START Data shown

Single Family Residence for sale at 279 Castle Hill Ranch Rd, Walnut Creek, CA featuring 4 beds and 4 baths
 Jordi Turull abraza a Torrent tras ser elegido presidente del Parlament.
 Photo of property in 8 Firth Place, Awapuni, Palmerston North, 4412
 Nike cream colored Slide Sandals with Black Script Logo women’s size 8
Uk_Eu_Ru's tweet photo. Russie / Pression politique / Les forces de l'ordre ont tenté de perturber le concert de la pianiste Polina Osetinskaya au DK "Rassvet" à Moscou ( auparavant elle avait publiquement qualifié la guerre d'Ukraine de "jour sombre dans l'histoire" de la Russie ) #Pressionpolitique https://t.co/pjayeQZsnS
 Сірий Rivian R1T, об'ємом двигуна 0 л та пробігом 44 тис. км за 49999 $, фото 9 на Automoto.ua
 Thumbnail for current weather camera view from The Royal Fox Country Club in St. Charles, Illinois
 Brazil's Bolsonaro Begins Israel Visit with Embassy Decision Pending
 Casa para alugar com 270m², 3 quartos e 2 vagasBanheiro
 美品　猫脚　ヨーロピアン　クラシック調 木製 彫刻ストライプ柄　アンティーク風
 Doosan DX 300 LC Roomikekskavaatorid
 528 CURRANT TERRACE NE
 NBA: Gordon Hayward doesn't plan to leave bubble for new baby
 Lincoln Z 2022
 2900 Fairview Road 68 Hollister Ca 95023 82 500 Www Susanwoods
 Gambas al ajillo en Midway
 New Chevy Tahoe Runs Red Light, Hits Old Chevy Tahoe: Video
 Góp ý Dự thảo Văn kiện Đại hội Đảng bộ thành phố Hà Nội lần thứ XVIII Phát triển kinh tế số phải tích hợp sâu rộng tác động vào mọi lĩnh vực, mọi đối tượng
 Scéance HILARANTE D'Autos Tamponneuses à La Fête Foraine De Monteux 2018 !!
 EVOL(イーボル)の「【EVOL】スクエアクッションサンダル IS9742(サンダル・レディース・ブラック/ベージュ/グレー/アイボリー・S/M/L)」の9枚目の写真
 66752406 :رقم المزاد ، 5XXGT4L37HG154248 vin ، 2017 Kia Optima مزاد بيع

END Data shown

> [Problem details] Print exactly the lines that run from the line containing "EVOL(イーボル)の「【E" to the end of the data, both ends included.

> [Solution for this task]
 EVOL(イーボル)の「【EVOL】スクエアクッションサンダル IS9742(サンダル・レディース・ブラック/ベージュ/グレー/アイボリー・S/M/L)」の9枚目の写真
 66752406 :رقم المزاد ، 5XXGT4L37HG154248 vin ، 2017 Kia Optima مزاد بيع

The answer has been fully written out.